Visto l’atto di intervento del Presidente del Consiglio dei ministri;
udito nella camera di consiglio del 15 ottobre 1997 il Giudice relatore Riccardo Chieppa.
Ritenuto che, nel corso di un procedimento penale per violazioni edilizie, il Pretore di Reggio Calabria, con ordinanza del 13 marzo 1995, pervenuta a questa Corte il 14 aprile 1997 (R.O. n. 235 del 1997), ha sollevato, in riferimento agli artt. 79 e 3 della Costituzione, questione di legittimità costituzionale dell’art. 39 della legge 23 dicembre 1994, n. 724 (Misure di razionalizzazione della finanza pubblica);
che, ad avviso del giudice a quo, la disposizione impugnata, nel prevedere la riapertura di termini per la concessione del condono edilizio di cui alla legge 28 febbraio 1985, n. 47, costituirebbe esercizio della generale potestà di clemenza dello Stato in assenza della procedura garantistica prevista dall’art. 79 della Costituzione per la concessione dell’amnistia;
che, inoltre, sarebbe violato l’art. 3 della Costituzione sotto il duplice profilo della ragionevolezza e del principio di uguaglianza, in quanto la reiterazione del condono, a distanza di oltre nove anni da quello concesso nel 1985, sarebbe in contrasto con le giustificazioni costituzionali che erano state riconosciute al primo con riferimento alla eccezionalità del provvedimento ed alla esigenza di "chiudere un passato di illegalità";
che nel giudizio é intervenuto il Presidente del Consiglio dei ministri con il patrocinio dell’Avvocatura generale dello Stato, che ha concluso per la manifesta infondatezza della questione.

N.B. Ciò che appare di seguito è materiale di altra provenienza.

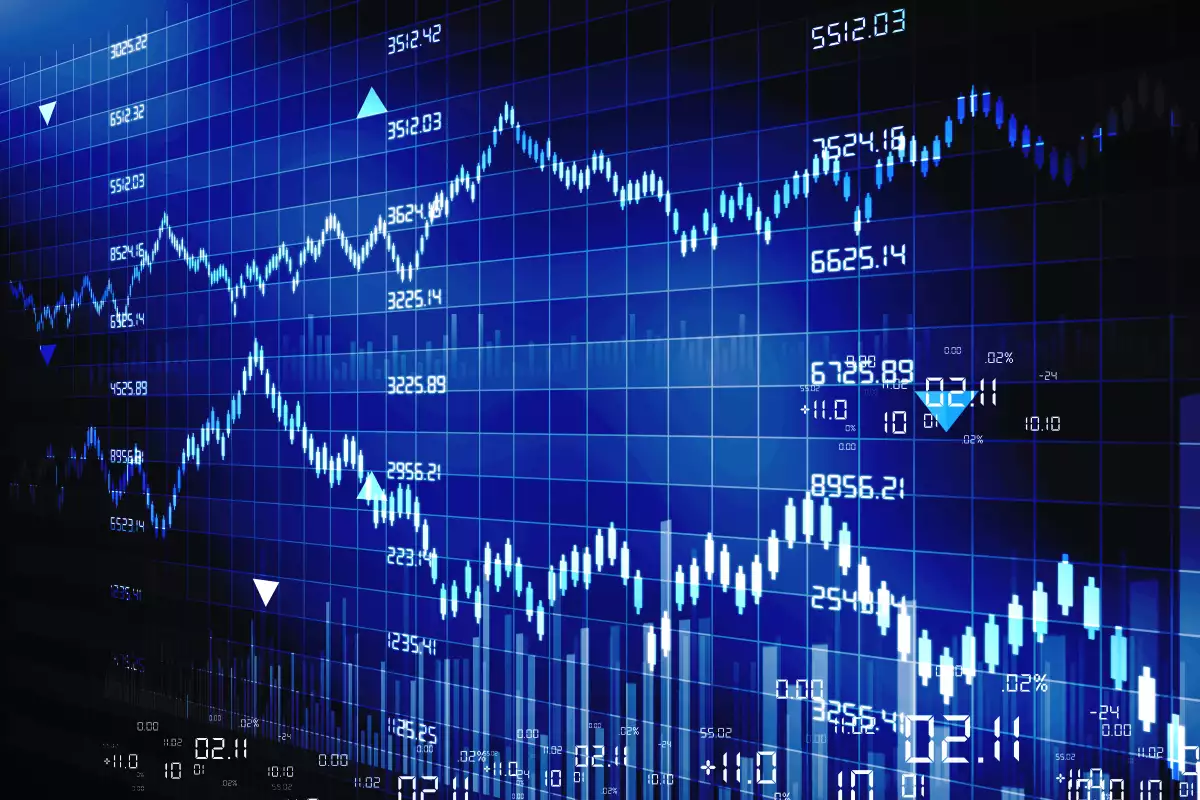 Bolsa y commodities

Considerato che la questione, nei termini in cui viene sollevata in riferimento agli artt. 79 e 3 della Costituzione, ha già formato oggetto di esame da parte di questa Corte, che ne ha dichiarato la infondatezza con la sentenza n. 427 del 1995, cui hanno fatto seguito la sentenza n. 256 del 1996 e le ordinanze nn. 457 e 537 del 1995, di manifesta infondatezza;
che, in riferimento ai citati parametri costituzionali, non sono dedotti profili sostanzialmente nuovi o diversi, tali da indurre ad un riesame della questione, che, pertanto, deve essere dichiarata manifestamente infondata.
Visti gli artt. 26, secondo comma, della legge 11 marzo 1953, n. 87, e 9, secondo comma, delle norme integrative per i giudizi davanti alla Corte costituzionale.
PER QUESTI MOTIVI
LA CORTE COSTITUZIONALE
dichiara la manifesta infondatezza della questione di legittimità costituzionale dell’art. 39 della legge 23 dicembre 1994, n. 724 (Misure di razionalizzazione della finanza pubblica), sollevata, in riferimento agli artt. 79 e 3 della Costituzione, dal Pretore di Reggio Calabria con la ordinanza in epigrafe.
Così deciso in Roma, nella sede della Corte costituzionale, Palazzo della Consulta, il 27 ottobre 1997.
Presidente: Renato GRANATA
Redattore: Riccardo CHIEPPA
Depositata in cancelleria il 7 novembre 1997.